Post apocalyptic movies have always had a special appeal to American audiences, especially when times are foreboding. First emerging during the Cold War when the threat of annihilation hung over the populace's heads to today's zombie disaster movies, "The Road" promises to deliver an emotion filled experience.
The story follows a father and son who head out on a journey to reach warmer lands in the south after an unnamed disaster. Their journey is beset with gangs of cannibals, starvation, despair, and armed militants. It stars Viggo Mortensen, Robert Duvall Guy Pearce, and Charlize Theron.
Main star, Mortensen, described filming "The Road" as "difficult," "It was cold, wet and dirty. But the physical part was actually easy. The challenge was getting inside yourself - just being honest about how afraid you are, how sad you are, and the determination comes from dealing with your own fear. In the end, I kind of had to throw away all the actor stuff because it was about being honest."

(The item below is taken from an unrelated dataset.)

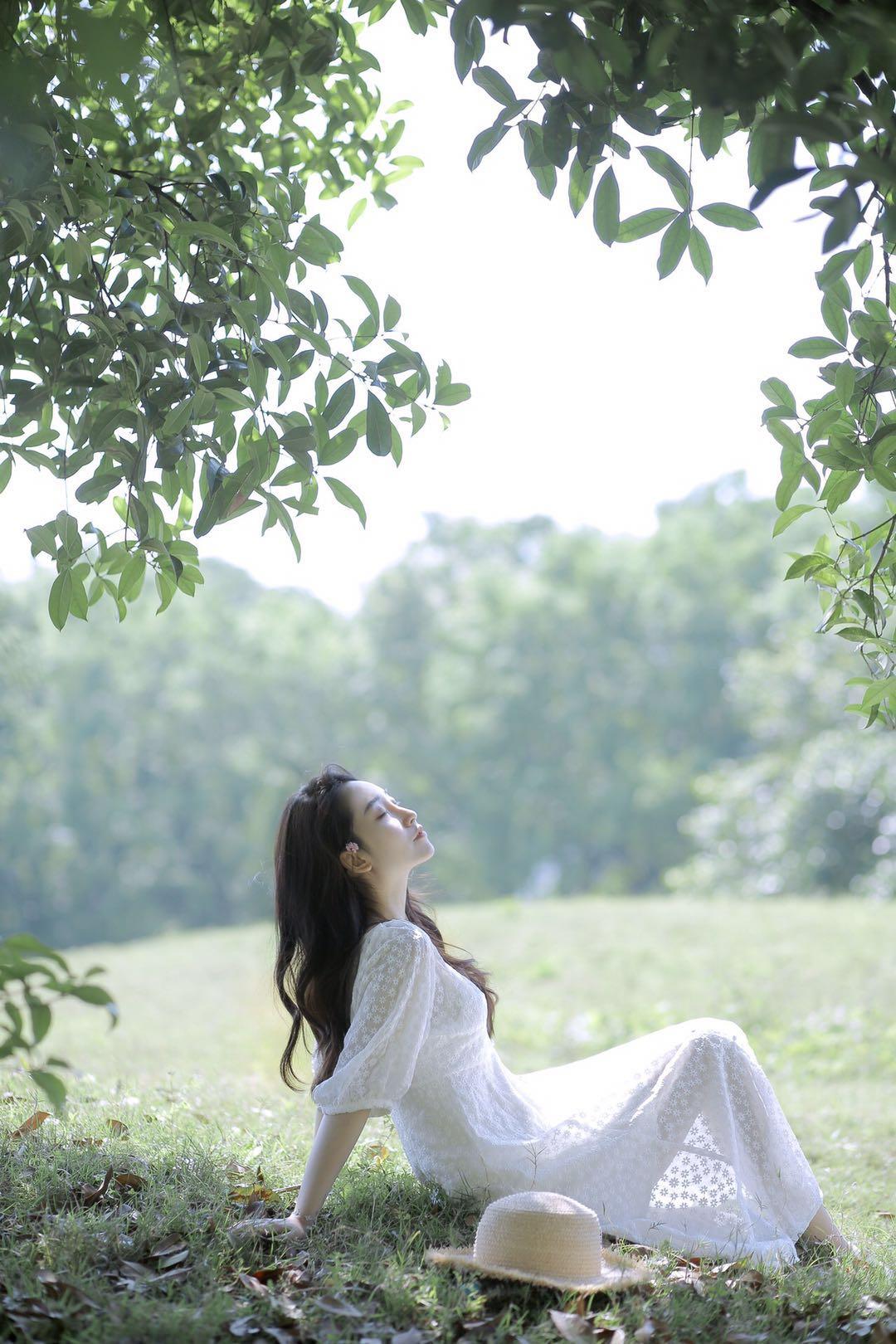 夏季人像摄影全攻略,4个简单易学的技巧,拍照清新又好看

Both Mortensen and his co-star, Kodi Smit-McPhee, who plays the son spent some time preparing by living in the woods to emulate the feeling of surviving in a harsh world.

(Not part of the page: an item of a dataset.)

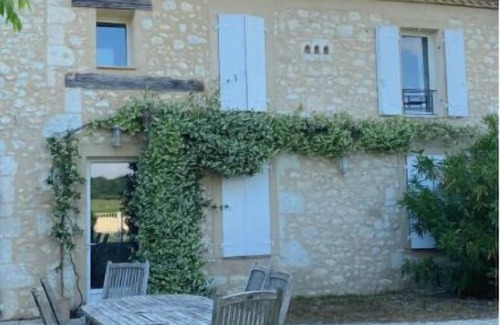 Saint-Jean-de-Duras House | Château au Cœur D'un Vignoble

The film is based on Cormac McCarthy's Pulitzer Prize-winning novel of the same name. Reportedly McCarthy is very happy with the screne adaptation of his work, his 2005 novel "No Country for Old Men" was also adapted as a movie. McCarthy's work has been in the vein of Westerns, Post-Apocalyptic, and Southern Gothic stories. Born in 1933 no doubt his dystrophy take on the future was influenced by living during the Cold War.
The popularity of such films is fueled by unease with the current world situation ranging from the War on Terror and the economic crisis. Stories like "The Road" allow the viewer to empathize with other characters who are facing nightmarish predicaments. The main characters are never given names other than "man" and "boy" reflecting their status as everyman.
The characters are constantly tested in regards to their humanity when the fragile under pinning of their lives are in constant threat of being taken away. This is amplified by the desolate landscape in "The Road" as they journey through a burnt out world and men are reduced to feeding on each other.
Journeys have always figured into great tales of most cultures for centuries, from Gilgamesh to Mad Max, showing the viewer by proxy their struggles in life and how to ultimately overcome them.
The final point of the story according to the movie's director Hillcoat is a love story between father and son, reflexive of the old line from "Conan the Barbarian"-another movie about a journey in a savage land- "the only thing that remains is a father's love for his son."